Please activate your DVR service. 

Your service is not currently active. To activate, please call DXXXXXX TV customer support at 1-800-XXXXXXX.

MSG #81 

I called csr they had me reboot they said my account is fine two hours later still the same issue. They said the only option left is to reformat and wipe it clean.

Can anybody help?
Thanks

(hr10-250)
software 6.3b


----------



## hiker (Nov 29, 2001)

Maybe the contacts on the access card are not making a good electrical contact. Did you try removing the card and reinserting? Also try removing the card and using a soft eraser to gently clean the gold contact pad on the card. But you could also have a bad card socket in the HR10 and it might need repair. The company here should be able to do the repair.


----------



## hpb (Sep 29, 2000)

The EXACT same thing was happening to me. My HR10-250 finally corrupted the access card so DirecTv has replaced it 3 times, now they are replacing the receiver with an HR20-700.

I already have 1 HR20 and I'm really going to miss the TiVo interface and ease of use.

I tried reimaging the system with instantcake and put the original drive back in the receiver.

DTV is doing something to the datastream after the nightly service download. My 
HR10 only had this problem Monday-Thursday. I guess that don't send the nightly service updates on the weekends.

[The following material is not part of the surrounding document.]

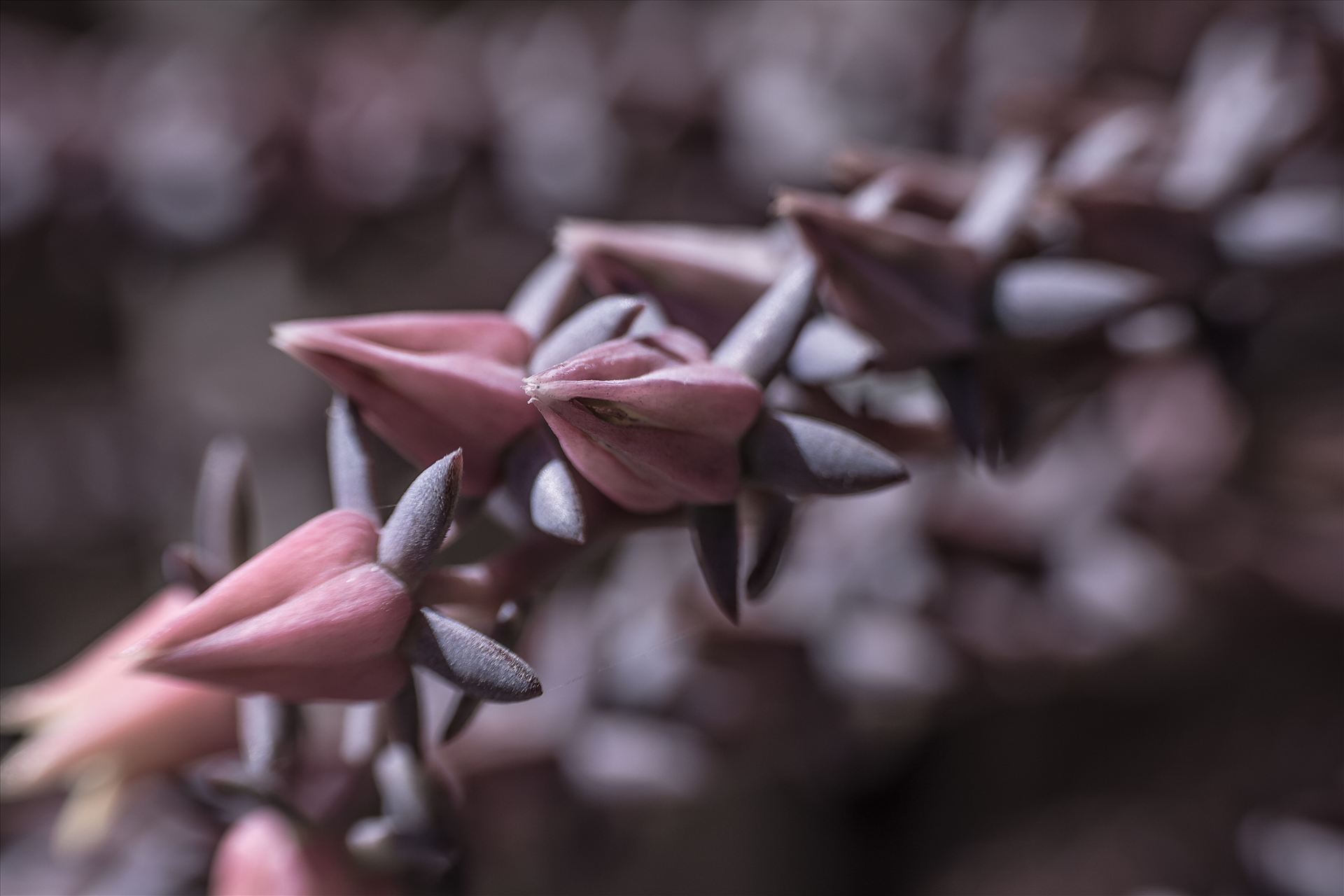 Nature's Necklace.jpg Lensbaby macro of purple buds like jewels in the garden by Sarah Williams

You can try and call DTV but I fought this problem since the 1st week in January and never made any progress and now since it has killed that access card I have no other options.


----------



## kjsmithtx (Mar 17, 2004)

I have had this problem with a couple of my DTivos on and off every few months for about a year now. I originally called D* and they reset my account, sent reactivation over the satellite, etc. None of these actions succeeded until the Dtivo was rebooted. However, through trial and error, I have found that simply rebooting clears this problem. It sometimes takes more than one reboot and occasionally requires leaving the Dtivo unplugged for several minutes, but I have not had to call D* to intervene.


----------



## broken back (Nov 30, 2004)

Same happened to me in Janurary. Account in good standing client since 1995. Customer says DVR service disconnected. He said he sent to sat to activate it, back up in two minutes, not card problem.


----------



## icemann22r1 (Feb 7, 2007)

I have tried everything rebooted 5 times plus I wipe the hard drive clean and lost all my shows and I still get the same message.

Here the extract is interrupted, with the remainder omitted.